Single by Sharleen Spiteri

from the album Melody
- Released: 6 October 2008
- Recorded: London, U.K.
- Genre: Soul
- Length: 3:06
- Label: Mercury, Universal Music
- Songwriter(s): Sharleen Spiteri/Johnny McElhone
- Producer(s): Sharleen Spiteri

Sharleen Spiteri singles chronology
| "All the Times I Cried" (2008) | "Stop, I Don't Love You Anymore" (2008) | "It Was You" (2008) |

= Stop, I Don't Love You Anymore =

"Stop I Don't Love You Anymore" is the second single from Sharleen Spiteri's first solo album Melody. It was slated for release on 29 September 2008 but for unknown reasons this was pushed back to 6 October 2008 as a digital download only single. The song failed to chart in the top 100 UK singles, peaking only at number 107.

==Background==
Speaking in August 2008 to noted UK soul/R&B writer Pete Lewis of the award-winning 'Blues & Soul', Spiteri explained how the song and track first came about: "It was funny, because my daughter inspired me to write that title! She loves music, and we were upstairs singing away when she suddenly started going 'Stop, baby - I don't love you!'! And I was like 'That's IT! Stop, I don't love you anymore!'! You know, as a five-year-old she said in such a simple way exactly what I'd been trying to get across, but hadn't quite managed to come up with. And for the track's actual production, I was inspired by how - with a band like The Supremes - they'd have that big, vast orchestration and then put those beautiful, sweet vocals on top of it."

== Music video ==
The music video premiered on Spiteri's YouTube channel on 1 September 2008.

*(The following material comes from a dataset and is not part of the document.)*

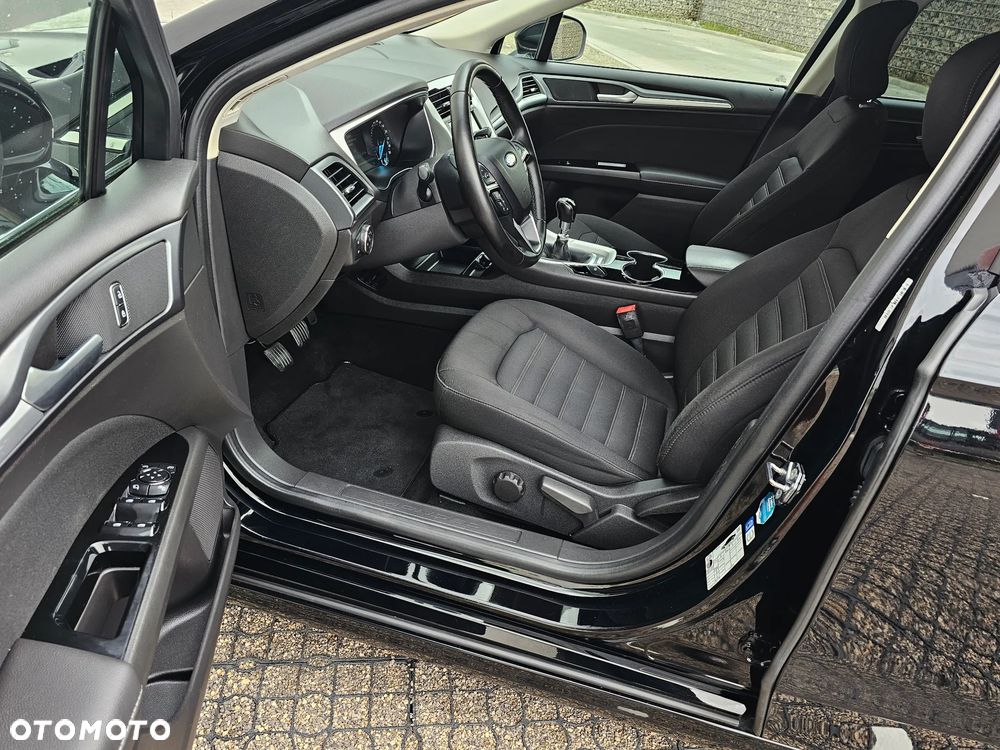 Ford Mondeo 2.0 TDCi STart-Stopp Titanium - 33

It begins with the title of the single appearing on a TV, then you see that a woman is watching the TV, as the camera pulls close to the TV Spiteri is seen singing. While she is singing, clips of couples are shown. While singing the word Stop, the word also goes across the screen followed by the words I Don't Love You Anymore. This repeats itself through the end of the video.